Marcia S. Brose, MD, PhD: When I’m using sorafenib, a lot of people ask me, “Where do I start?” “What [dosage] do I use?” “What dosage do I change to?” I have a lot of experience with this drug because I did the phase II and phase III work. Based on my experience, also as a purist, and based on the DECISION study, if you want to get the same results as the study, you really need to dose it in the same way.

Instead of starting at the 800-mg-per-day dose, which is what was used in the DECISION study and is obviously what’s on the label for the prescribing information, if you start to play with lower dosages, I don’t think you’re going to get as good of a response. That said, you do have to adjust dosages occasionally for side effects.

In our practice we start everybody at 800 mg no matter what. And then, if they develop issues like hand-foot syndrome or whatever, if needed, we do go down in dosage. I do everything in my power to keep them either at a full dosage or at three-quarters of a full dosage. In my experience, I don’t think the results are as good in anybody who goes below that. A few times, for various reasons, patients went down to a half dosage. Initially, their tumors started to grow again. Then we had to come back up to three-quarters of a dose.

I also think it’s important for the community physician, who may not give this drug often, to not be overly ambitious or sort of lenient with dropping the dosage. It’s very important that you take managing the dosages much more seriously. If you do decrease a dosage, I’m very confident that you won’t see as superior a result. So there’s a balance there to be met. You want to maintain some benefit in the patient and don’t want them to have a terrible quality of life.

So you have to take intervening in these issues very strongly with over-the-counter medications or even non- over-the-counter interventions. You really need to interact with them about their side effects and try to control them as much as possible without decreasing the dosage. If you do that, patients will have a better outcome. They’ll have better shrinkage. In the long run, they’ll last longer on the medication.

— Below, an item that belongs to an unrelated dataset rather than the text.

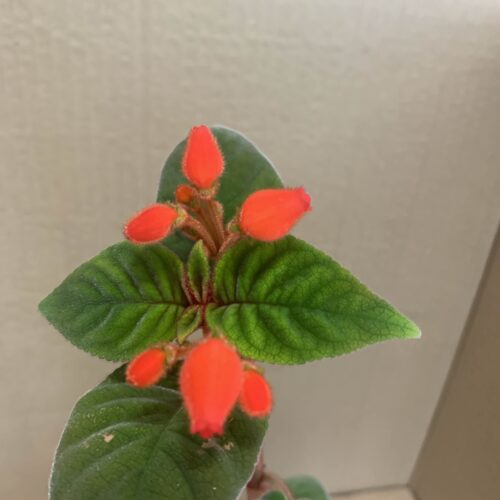Pearcea abunda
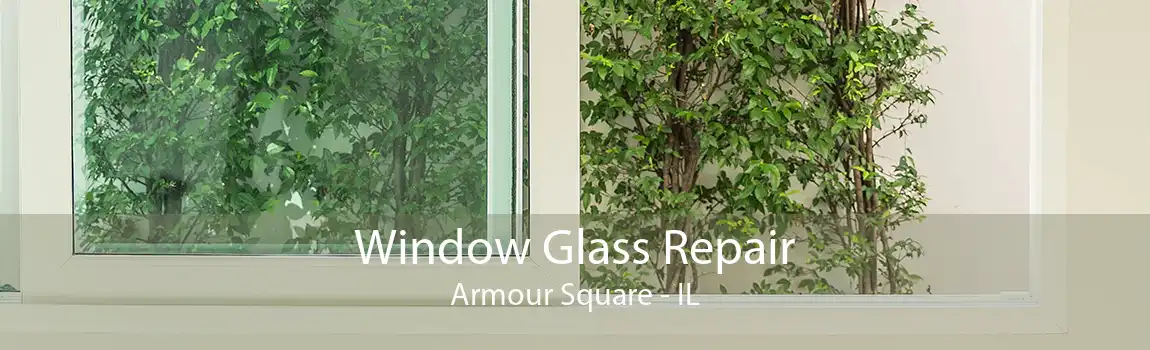 Window Glass Repair Armour Square - IL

It takes a physician who is very committed to the patient. You have to really listen. You have to ask about the side effects. But if you want to be successful, managing the adverse effects is absolutely paramount to getting a good result. Dosage intensity should be maintained as much as possible.

The optimal duration for treating patients with sorafenib is for as long as they have clinical benefit. When patients have their initial treatment, they often see some shrinkage. Maybe not a lot, but they’ll usually have some shrinkage. And then, after 4 to 6 months, they’ll sort of get into a phase where it doesn’t shrink any more, but it doesn’t grow.

The goal is to try to maintain that for as long as possible. I would argue to be very good about managing side effects and try to maintain that dosage for as long as you can. The optimal period is for as long as there is clinical benefit. In the DECISION study, at the time of progression, if the progression was a solitary nodule that could be treated by surgery or external beam radiation or cryoablation, or some local therapy, patients were unrandomized. This was assuming that they were on the therapeutic arm.

If they had solitary progression, they had the choice of getting that treated and then continuing on the drug. We found that over a 10-month period, on average—or an 11-month period prior to that event—if they got treated, they often had a similar duration of benefit.

So I would argue that as long as most of the nodules are responding, you should try to keep them on the systemic therapy for as long as possible and treat a solitary local recurrence, as needed, along the way. We’re finding that the clinical benefit far exceeds the actual progression-free survival interval. Sometimes we can manage these solitary nodules and have them continue on and get another 10 or 11 months of benefit.